Standards for Historic Rehabilitation
In order to receive either State or Federal Historic Tax Credits, a project must conform to the Secretary of the Interior’s Standards for Historic Rehabilitation. Applications are reviewed in detail by knowledgeable staff in accordance with these standards. This section is adapted from the Illustrated Guidelines (1997) published by the National Park Service. The full text is available online at: http://www2.cr.nps.gov/tps/tax/rhb/.

The following is a summary of the Secretary's Standards.

  1. Properties will maintain their current use or be given a new use compatible with any distinctive features or spaces
    In most cases a conversion (2-family to single family home or warehouse to loft condos for example) will be considered acceptable if the character defining aspects of the building are maintained.

  2. The historic character of the property will be preserved - Spaces and architectural features that are deemed to be essential to the overall historic character of the building must be retained, repaired, or replicated.

  3. Buildings will be recognized as a physical record of its time, place and use - Adding conjectural elements or artifacts from another building is discouraged.

  4. Changes to a property that have acquired their own historical significance will be preserved - If a later addition or renovation is determined to be significant in its own right, it will be considered character defining.

  5. Distinctive materials, features, finishes, and construction techniques or examples of craftsmanship that characterize a property will be preserved - Typically this can include moldings, windows, doors, built-in cabinetry, porches and dormers, cornices, and other historic elements.

  6. Deteriorated historic features will be repaired rather than replaced - In cases where the original feature is too far deteriorated, it must be documented and replicated.

  7. Treatments that cause damage to historic materials will not be used - It is necessary to use the gentlest means possible when cleaning or treating any historic element.

  8. Archeological resources will be protected and preserved in place.

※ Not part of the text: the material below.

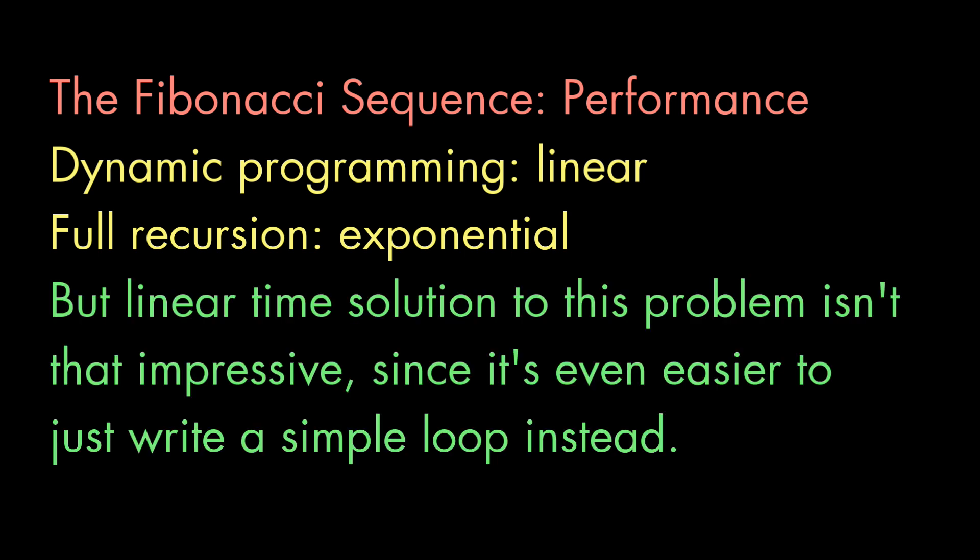But the thing is, you know, you can easily write a Fibonacci function that doesn't use recursion at all. So we don't really need dynamic programming to rescue us. So let's look at a problem where recursion really makes the function easier to write.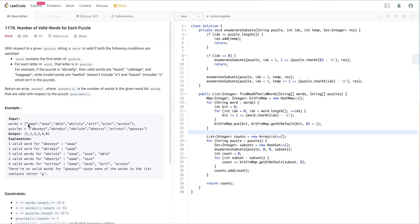Invalid words include 'be' and 'fed' — 'fed' is invalid because it doesn't include 'a', which is the first letter of the puzzle. 'Best' is invalid because 's' is in the word but not in the puzzle, which doesn't satisfy the second condition. For the input, we have a list of words and a list of puzzles, and we want to find how many words match both conditions for each puzzle.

  9. Additions, exterior alterations, or related new construction will not destroy historic materials, features, or spatial relationships that characterize the property - New construction must be differentiated in design from the original historic property and should be designed and constructed in a way to protect the integrity of the historic property.

  10. New additions and adjacent or related new construction will be undertaken in such a manner that, if removed in the future, the essential form and integrity of the historic property and its environment would be unimpaired.

Historic tax credit applications are reviewed “as a whole.” No single action in and of itself will cause an application to be rejected. The question that the reviewer asks him or herself is whether the project as a whole meets the Secretary’s guidelines. The guidelines recognize the need for some alterations to be made in order for most projects to be successful – any changes must be made without negatively impacting the building’s overall historic character.

It is important if you intend to pursue historic tax credits, that you find an architecture firm and contractor who is familiar with these requirements.